Jungle exploration was another Costa Rican experience, though this time flying through the treetops of the Monteverde Cloud Forest, a quite fantastic experience, rushing from zip line to zip line. I also did a spot of canoeing. I did not see as many monkeys as I did in Guatemala just sloths, sloths and more sloths, creatures which really do deserve their name! Actually I did see quite a lot more - crocodiles, turtles and some wonderfully exotic birds, including my very first toucan.
So, here we are, over a week and a half into the safari and I’ve still not been to Honduras. That’s it; no more hesitating; it’s time to go and the Devil goes with me...along with my boyfriend (is there a difference?)
I’m so glad we went. The dengue emergency was passing and Tegucigalpa, the capital, was perfectly calm, with no sign at all of any kind of political trouble. I stayed here for two days exploring, bar-hopping and generally getting to know people. I’m pleased to say that I did not come across anyone who had a good word to say about Manuel Zelaya, the ousted president and dictator in the making. Perhaps I just spoke to the wrong people…or went to the wrong bars!
I have to say that Tegucigalpa, though certainly a tad more interesting than San Jose, is not really the kind of place where one needs to spend an awful lot of time. There is some interesting colonial architecture in the centre but that’s not what I was here for; no, it was on to Copan and the Mayans.
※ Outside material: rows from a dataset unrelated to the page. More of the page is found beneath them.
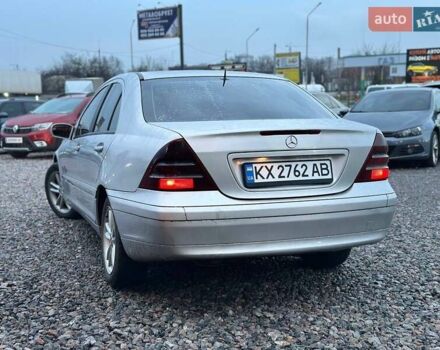 Серый Мерседес Ц-Класс, объемом двигателя 2.15 л и пробегом 320 тыс. км за 3800 $, фото 1 на Automoto.ua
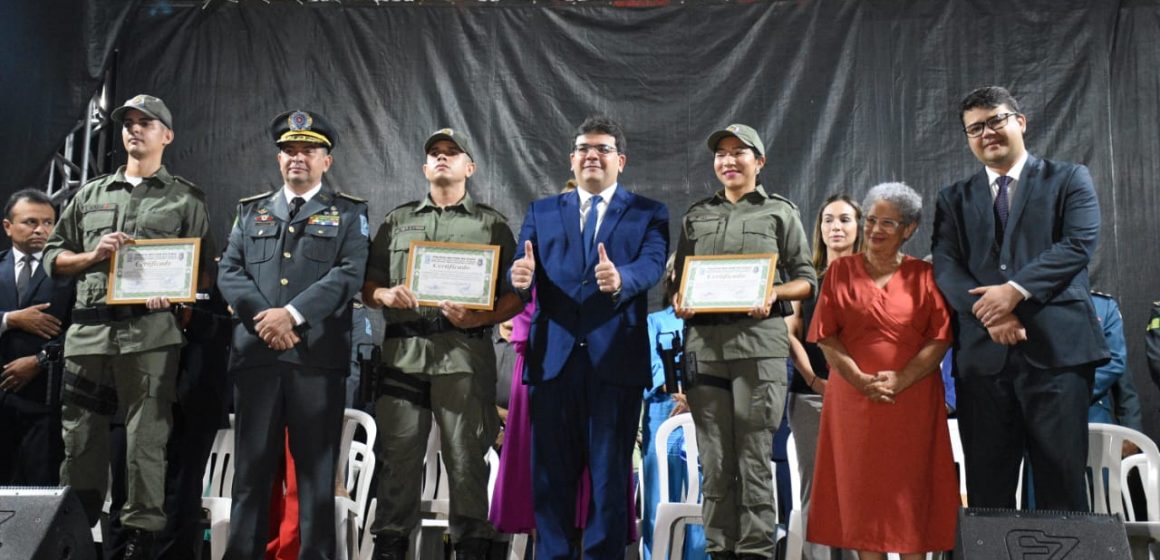 Governador Rafael Fonteles apresenta 1.104 novos policiais militares para proteger a sociedade piauiense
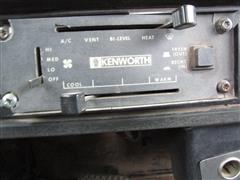 items/7b34f67124c6ee11a73d000d3acfdee0/1992kenwortht800tatrucktractor-2_d5266358044e49c1bd6725df31b506de.jpg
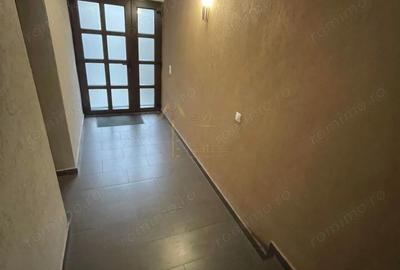 Casă cu 6 camere cu Teren 252 Mp în Semicentral - 20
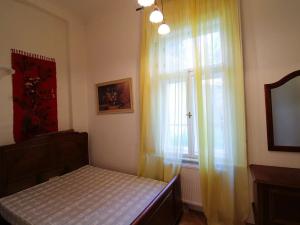 Pronájem bytu 3+1, Karlovy Vary, Krále Jiřího, 91 m2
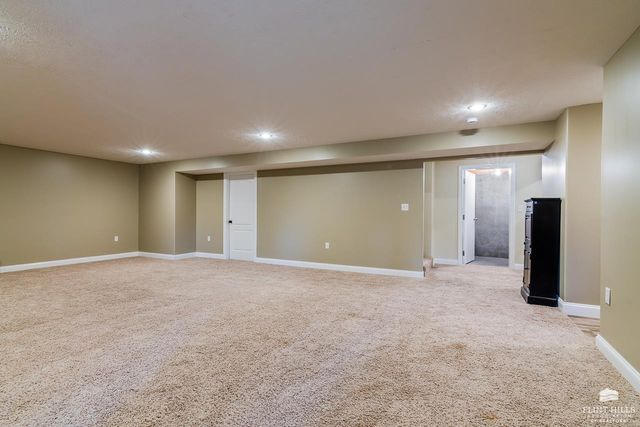 1104 East Park Grove, Manhattan, KS 66503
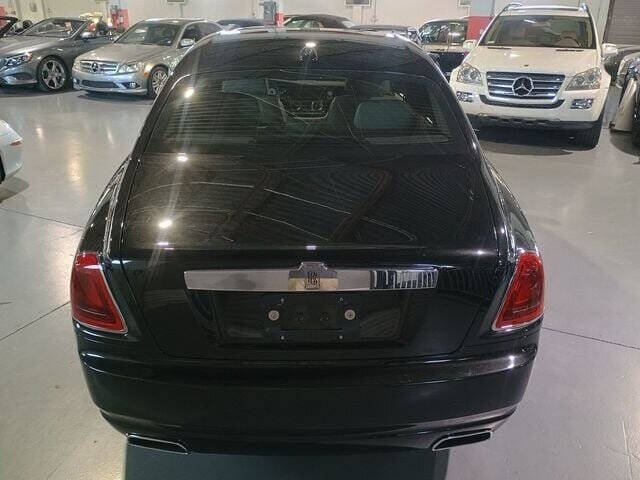 2015 Rolls-Royce Ghost 26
Copan itself is a lovely place, far more relaxed than the capital. The ruins lie approximately two kilometres to the east of the town. Before entering the site properly we spent some time looking at the superb collection in the Museum of Mayan Sculpture. Although the Copan Ruins are not nearly as spectacular as Tikal there are some really super sculptures, reliefs and alters. Some of the temples are also truly special, particularly the cluster in the area known as the Acropolis. I know this has probably been said many times before but the Hieroglyphic Stair way left me speechless with excitement.
After a fairly intense few days it was back to Tegucigalpa and from there on to Panama. I’ve now seen several Central American capitals but there is nothing to compare to Panama City. Looking at those soaring skyscrapers, known locally as the ‘Cocaine Towers’, as one approaches the city across the causeway makes ever other place seem so provincial.
Again we did a lot of exploration here, particularly in the ruins of Panama Viejo – Old Panama – abandoned in the seventeenth century after it was ransacked by a certain unscrupulous English buccaneer by the name of Henry Morgan! But Panama was chiefly for relaxing, playing, beaching and having lots of fun. My most memorable experience will probably be the super luncheon with new friends in the Restaurant Mira Flores, overlooking the Panama Canal.
Yes, we did spend lots of time exploring throughout the trip but this was punctuated by all sorts of other activities, swimming, talking, making friends, being generally laid back and super cool. I also managed to get in a spot of riding in both Honduras and Guatemala, including one splendid gallop along a largely deserted volcanic beach. The whole trip was such a tremendous experience. I could have spent twice as long but here we are, England, home and beauty.
The world is a book, and those who do not travel, read only a page.